Traductor de Jonathan Swift, Charles
Dickens, Robert Louis Stevenson, Henry James, Edith Wharton, Willa Cather y
John Banville, entre muchísimos otros, en la siguiente columna de opinión, publicada
el pasado lunes 12 de mayo en El Trujamán, el español Ismael Attrache, reflexiona sobre las razones de lo que hace.
Por qué traduzco
Todas las profesiones afectan
profundamente a quien las practica, informan su existencia, la condicionan,
permiten que ésta crezca en unos aspectos y hacen que se atrofie en otros; de
forma inevitable, el ejercicio diario al que sometemos nuestras mentes y
nuestros cuerpos tonifica, desarrolla o agarrota ciertos músculos, y hay
oficios cuyos practicantes solo parecen tener los bíceps muy desarrollados,
pero poco sostén en las piernas para aguantar tal exceso de masa superior; no
creo que existan muchos trabajos que, bien ejercidos, puedan dar equilibrio a
toda una vida y no causar desajustes interiores que, a la larga, acaban
manifestándose de un modo u otro. Trabajos que obliguen continuamente a
cuestionar todo lo conocido y que, al mismo tiempo, ofrezcan la libertad de
inventar una solución nueva para resolver lo imposible, todo ello sustentado (y
menos mal) por las intrincadas y cambiantes leyes y límites de la gramática y
del texto original. Hablo de la traducción, evidentemente.
Seguramente todas las personas
que, por un motivo u otro, viven una relación particularmente intensa, o tensa,
u obsesiva, o cercana con las palabras sienten de forma cotidiana una insidiosa
sensación de frustración que en muchos momentos puede convertirse en verdadero
malestar.
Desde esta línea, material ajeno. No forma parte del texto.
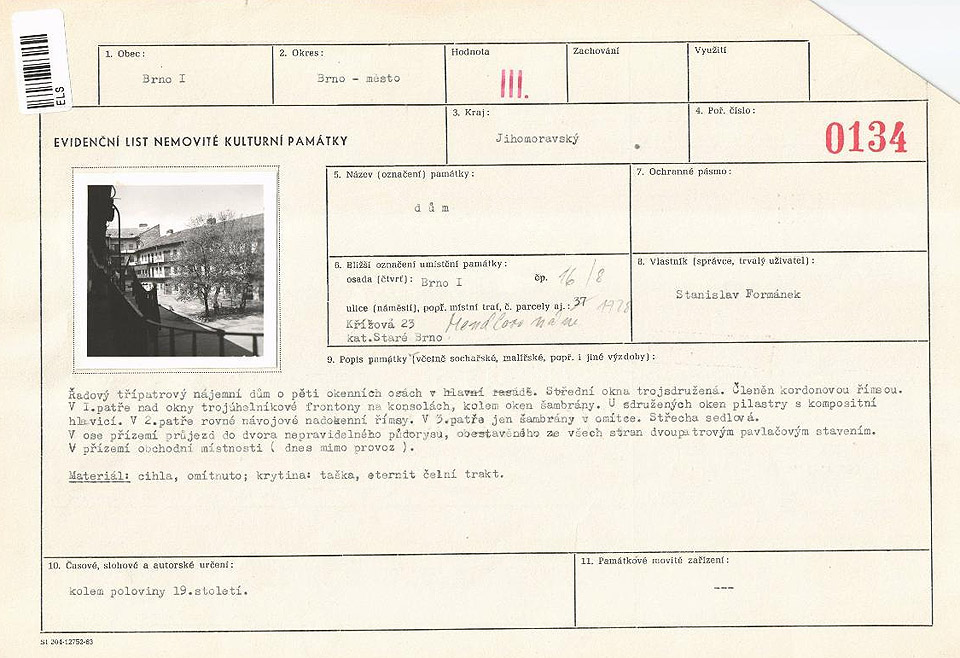 Evidenční list kulturní památky. Ochranu požíval dům od 3. 5. 1958 zejména kvůli zajímavému, nepravidelnému tvaru trojpodlažních pavlačových domů ve dvorním traktu. Poté, co byl celý dvorní trakt v roce 1993 zbořen a proměněn na parkoviště, byla na třetí pokus majitele památková ochrana domu zase odňata. Samozřejmě, otázka, v čem vlastně tedy ochrana spočívá, je zcela na místě. Strom ze dvora padl v roce 2017. Evidenční list kulturní památky. Ochranu požíval dům od 3. 5. 1958 zejména kvůli zajímavému, nepravidelnému tvaru trojpodlažních pavlačových domů ve dvorním traktu. Poté, co byl celý dvorní trakt v roce 1993 zbořen a proměněn na parkoviště, byla na třetí pokus majitele památková ochrana domu zase odňata. Samozřejmě, otázka, v čem vlastně tedy ochrana spočívá, je zcela na místě. Strom ze dvora padl v roce 2017.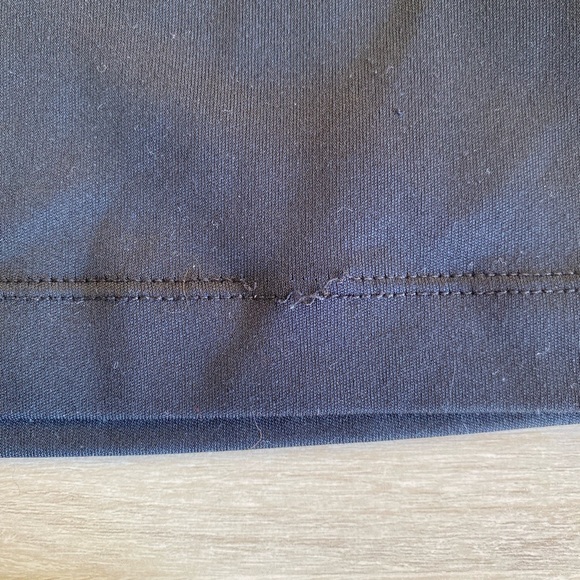 Nike Black Boys Size 5 T-Shirt - Picture 4 of 6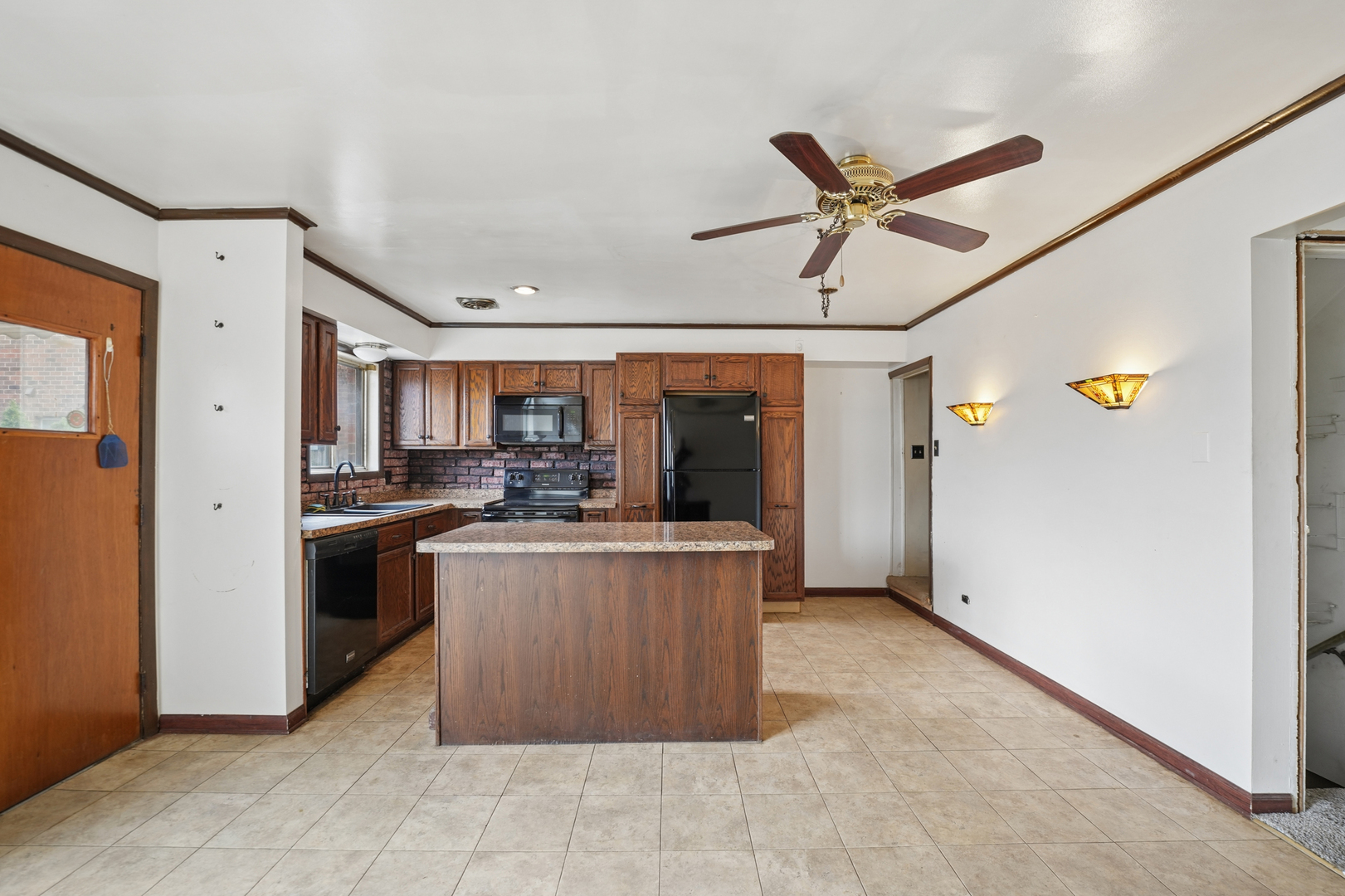 1S127 Stratford Lane, Villa Park, IL 60181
Las palabras nos acosan, nos asedian, nos cautivan y también nos
prometen cosas que jamás cumplen, se erigen en definidoras de un mundo tan
desesperante y complejo que será mejor no seguir abundando ahora en estos
rasgos; de forma que, si nos hemos dado cuenta íntimamente de que tenemos una
relación con las palabras que resulta interesante, problemática, estimulante y
cargada de deseos insatisfechos que a la vez nos empujan a la acción y también,
siempre, a cierto desencanto, a la imposibilidad de conseguir lo anhelado (sí, precisamente
como una relación amorosa; de hecho, creo que podría definir todas las
relaciones amorosas que he vivido en función del particular estado de mi
relación con las palabras en ese período), también acabaremos dándonos cuenta,
tarde o temprano, de que, al decidir construir nuestra vida, o al menos una
parte muy importante de ella, en torno a nuestro vínculo con el lenguaje, esa
herramienta tan característica y contradictoria de la condición humana, también
nos estamos abocando, sin que nadie nos incite a ello, a una lucha cotidiana en
la que nunca va a haber un vencedor ni un vencido, en la que tampoco se va a
producir una batalla que arroje un desenlace demasiado nítido ni en la que se
pueda proclamar un resultado definitivo. Nos estamos abocando a vivir en una
incertidumbre continua e irresoluble mientras manejamos, manipulamos y forzamos
el instrumento que justamente, en teoría, servía para borrarla.
Hay algo que quizá se intuye al
empezar a traducir, al notar ciertas mareas de pensamiento que, de forma
inopinada, conectan unos pensamientos con otros, que crean instantes de
significado allí donde el significado no existía, un fenómeno que, con el paso
del tiempo, no sólo se confirma (y que seguramente constituye una de las pocas certezas
a las que puede asirse un traductor), sino que crece y también adquiere
reflejos y densidades nuevos a medida que el ejercicio de la traducción
progresa y se sostiene en el tiempo. Y es que (y aquí nos adentraríamos en el
ámbito de la psicología, en la cuestión de por qué determinados individuos
eligen dedicarse cotidianamente a una labor para la que no hay mapas y que casi
parecería condenada a un eterno fracaso) quien traduce también decide,
diariamente y porque le da la gana, que no hay nada imposible. Traducir es un
acto de resistencia frente a lo imposible.